**Source data**
○ ○ ○

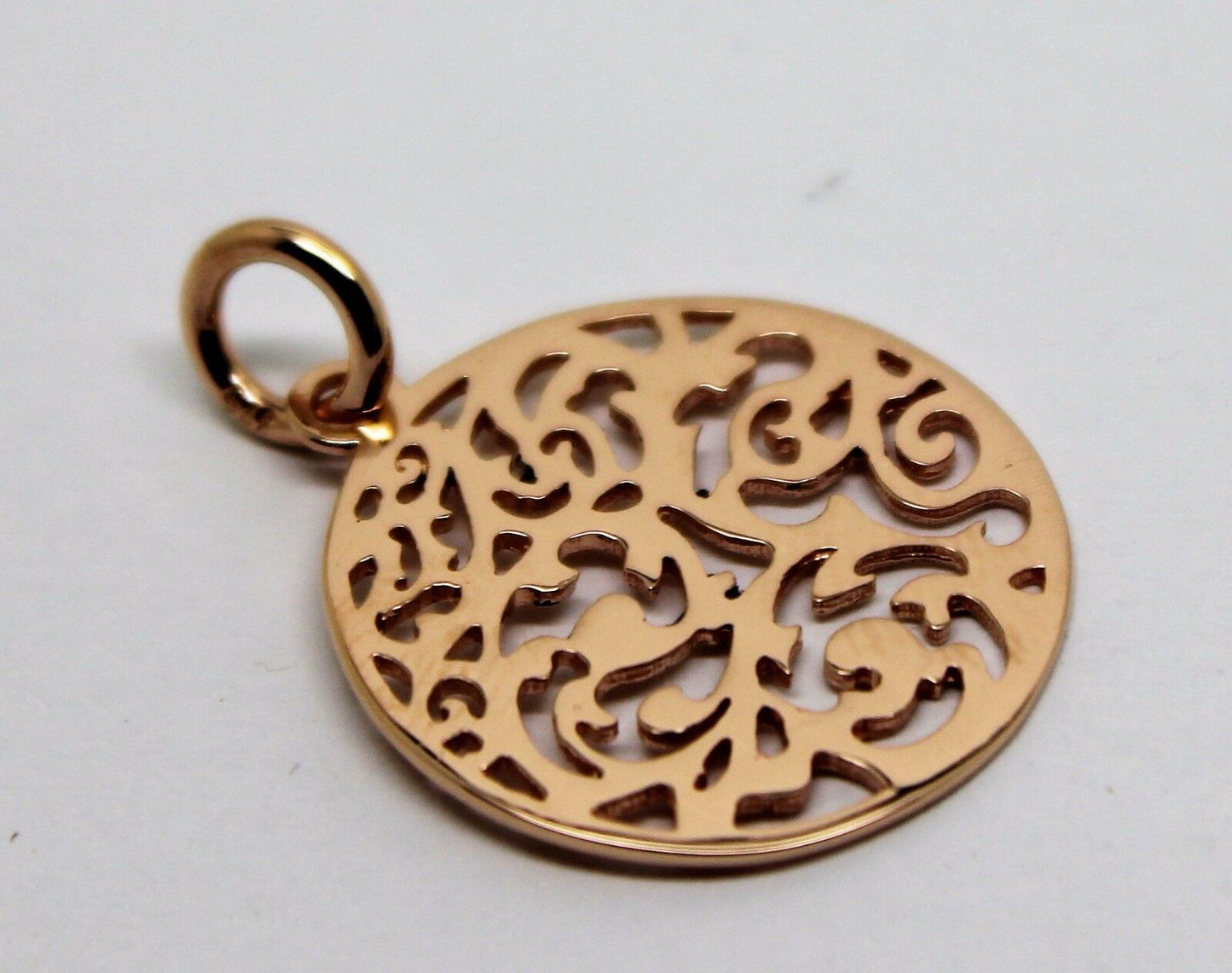 Genuine Solid 9ct 9kt 375 Yellow, White Or Rose Gold Round Filigree Pendant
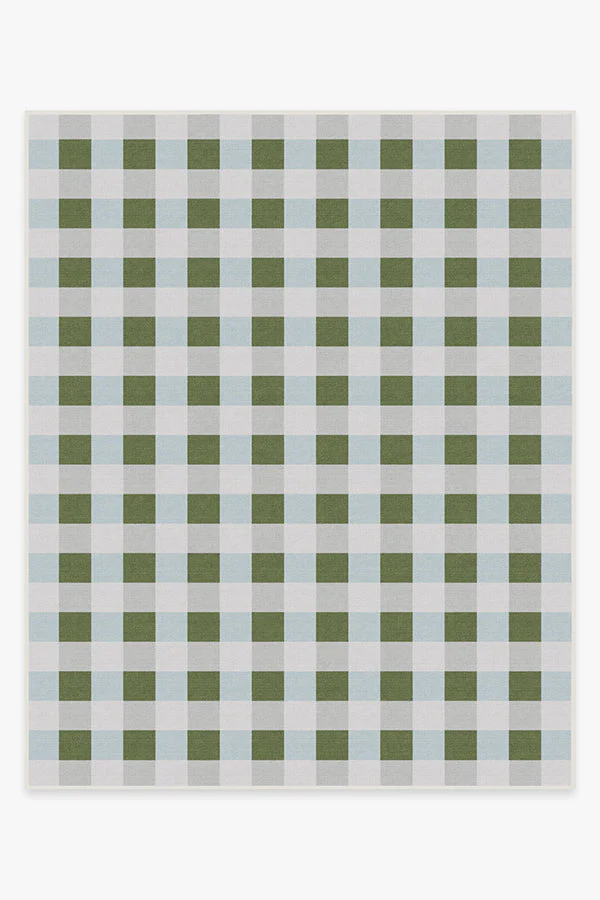 Sutton Moss Green & Blue Flatwoven Rug by The Home Edit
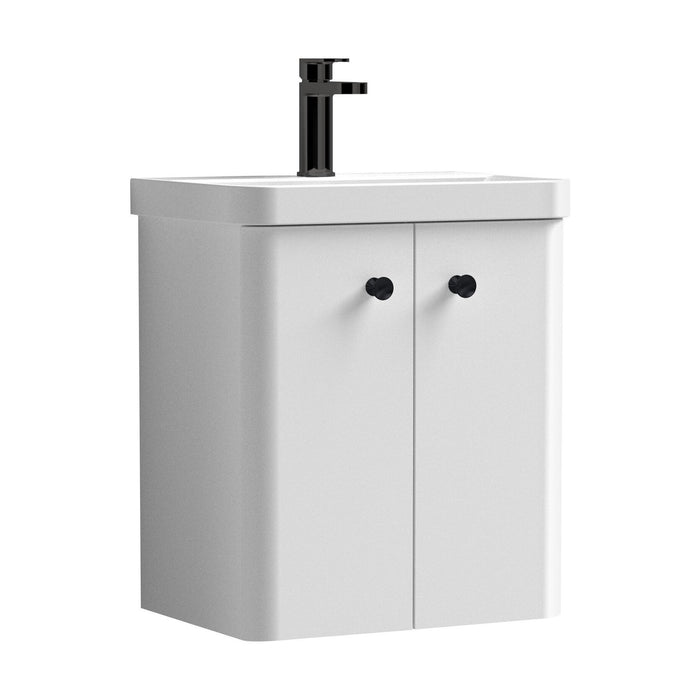 [BFCU1035] Balterley Curve Modern Bathroom Wall Hung 2 Door Vanity Unit Basin, Gloss White/Matt Black, 479mm - Cutout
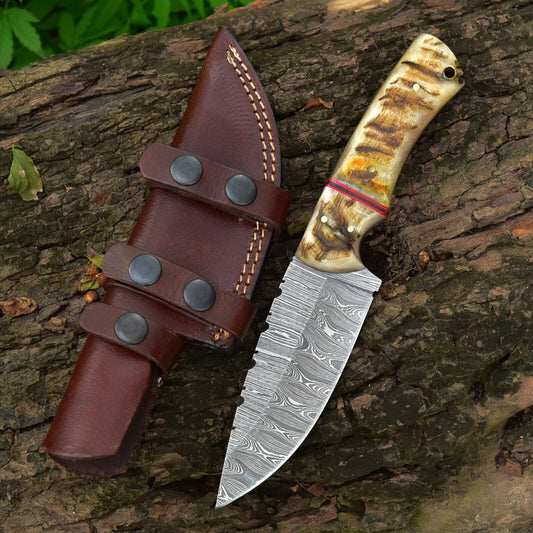 Custom Handmade Damascus Steel Skinner Knife with Sheep Horn Handle – 4.5" Blade - The Snag Bin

○ ○ ○

**Problem requirements**
Return the complete material above exactly, with no picture.

**Output of the task**
 Genuine Solid 9ct 9kt 375 Yellow, White Or Rose Gold Round Filigree Pendant
 Sutton Moss Green & Blue Flatwoven Rug by The Home Edit
 [BFCU1035] Balterley Curve Modern Bathroom Wall Hung 2 Door Vanity Unit Basin, Gloss White/Matt Black, 479mm - Cutout
 Custom Handmade Damascus Steel Skinner Knife with Sheep Horn Handle – 4.5" Blade - The Snag Bin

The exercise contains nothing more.